- _Assigned task_
When you return the data, keep every line exactly as it is and leave out the pictures.

- _Recorded data_
[Start of section]

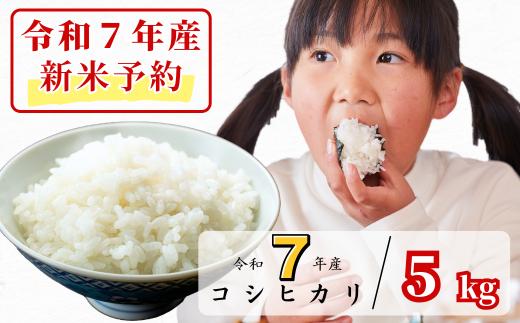 《令和7年産新米予約・10月ごろよりお届け開始》白米 5kg 令和7年産 コシヒカリ 岡山 あわくら源流米 K-af-AEDA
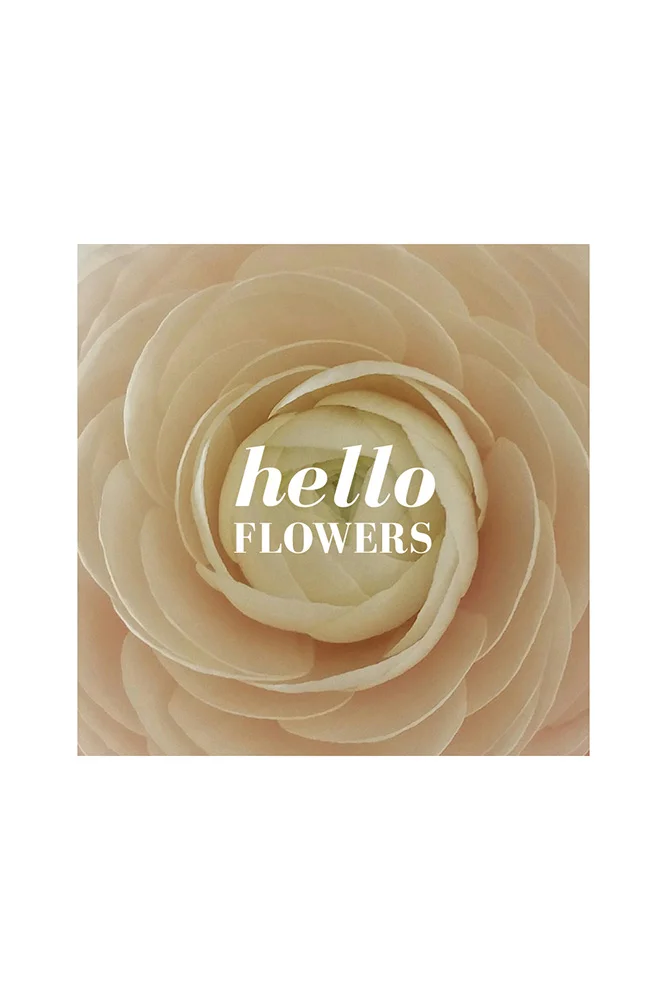 Hello-Flowers-front.jpg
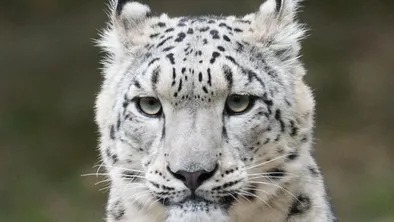 Лыжник едва пережил встречу со снежным барсом в горах Китая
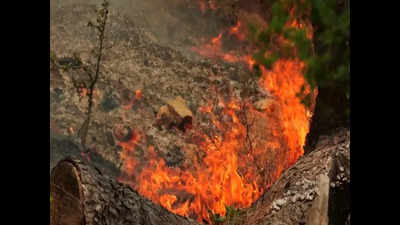 4 forest staffers burnt alive in Uttarakhand wildlife sanctuary blaze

[End of section]

- _Written response_
 《令和7年産新米予約・10月ごろよりお届け開始》白米 5kg 令和7年産 コシヒカリ 岡山 あわくら源流米 K-af-AEDA
 Hello-Flowers-front.jpg
 Лыжник едва пережил встречу со снежным барсом в горах Китая
 4 forest staffers burnt alive in Uttarakhand wildlife sanctuary blaze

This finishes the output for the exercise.